Adélia Prado - Formalística

A poetisa mineira se volta contra um modo de fazer poesia atrelado às formalidades prescritas por movimentos ou escolas literárias, sob a estrita batuta de fórmulas ou programas que buscam teorizar, racionalmente, quer a porção da realidade objeto de suas investidas, quer o feitio e as diretivas sob as quais o poema há de ser produzido. Para ela, nada mais despiciendo, porque lhe parece que é a experiência mesma do que se vive que há de ser a matéria primordial do poema.

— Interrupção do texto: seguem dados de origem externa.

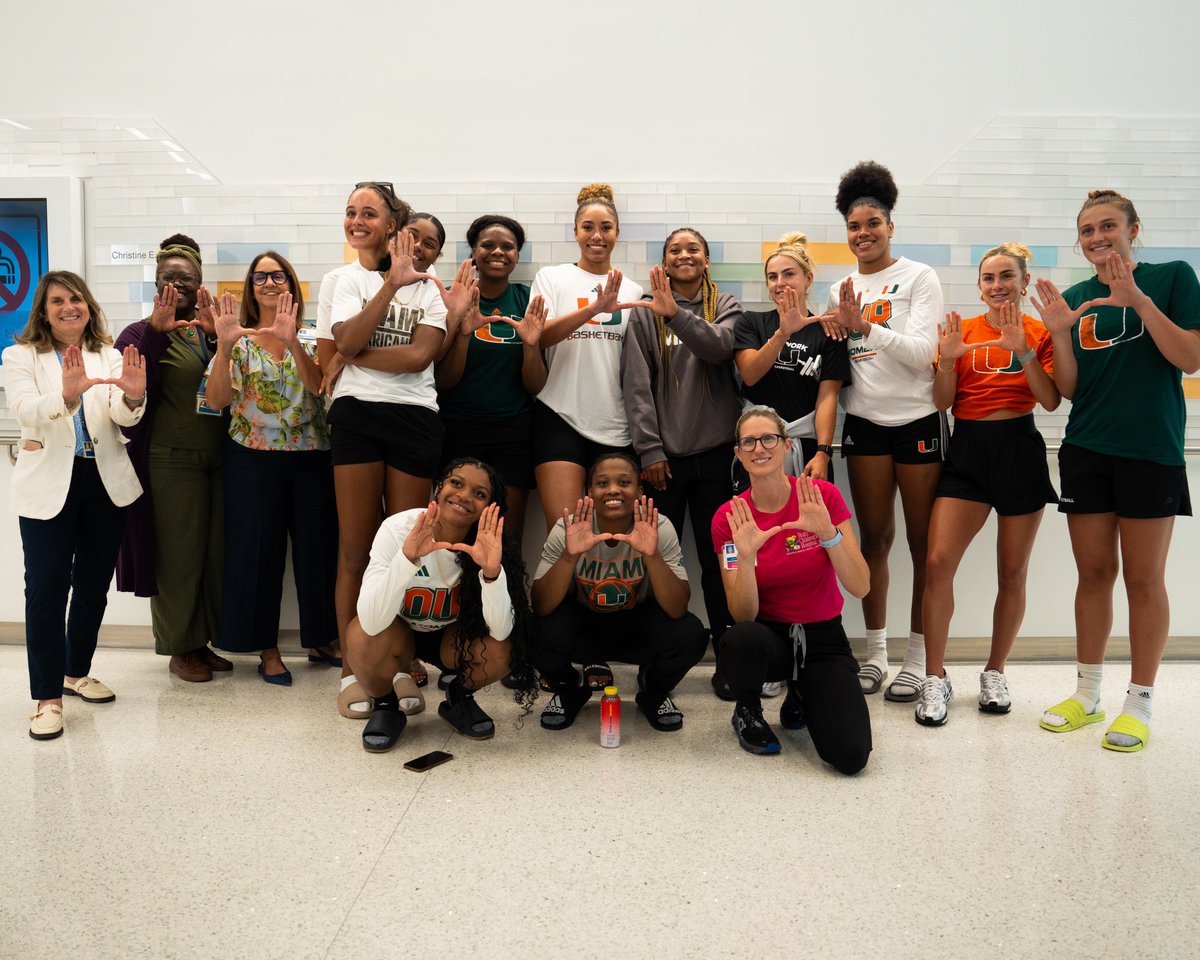 CanesWBB's tweet photo. Had a wonderful time visiting some of the incredible patients at @JacksonHealth 💙 https://t.co/289ivFRmKP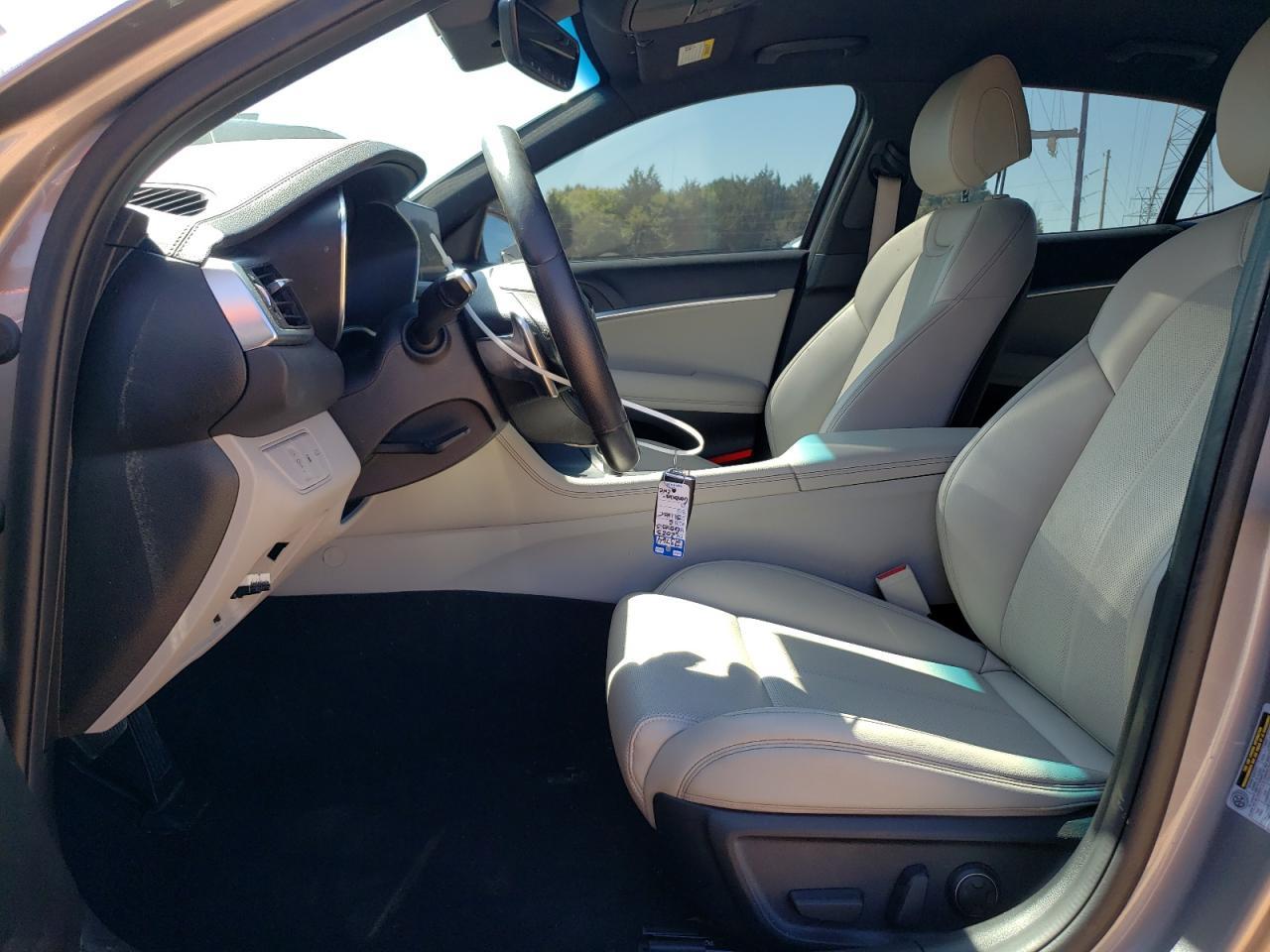 2023 GENESIS G70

Nas linhas do metapoema, como sempre, as mesmas provocações eróticas, os mesmos reptos irônicos, desta feita direcionados aos poetas que, com muitas regras e limitada inspiração, ficam a excitar as musas na ardência do dia, com a lascívia a brotar nas terminações nervosas do prepúcio, quando, então, um pouco mais à frente, “começam a fosforescer coisas no mato”.

J.A.R. – H.C.

Adélia Prado
(n. 1935)

A Formalística

O poeta cerebral tomou café sem açúcar
e foi pro gabinete concentrar-se.
Seu lápis é um bisturi
que ele afia na pedra,
na pedra calcinada das palavras,
imagem que elegeu porque ama a dificuldade,
o efeito respeitoso que produz
seu trato com o dicionário.
Faz três horas já que estuma as musas.
O dia arde. Seu prepúcio coça.
Daqui a pouco começam a fosforescer coisas no mato.
A serva de Deus sai de sua cela à noite
e caminha na estrada,
passeia porque Deus quis passear
e ela caminha.
O jovem poeta,
fedendo a suicídio e glória,
rouba de todos nós e nem assina:
‘Deus é impecável’.
As rãs pulam sobressaltadas
e o pelejador não entende,
quer escrever as coisas com as palavras.

O Pintor nos Bosques
(Ivon Hitchens: pintor inglês)

Referência:

PRADO, Adélia. Formalística. In: __________. Poesia reunida. 3. ed. São Paulo, SP: Siciliano, 1991. p. 376.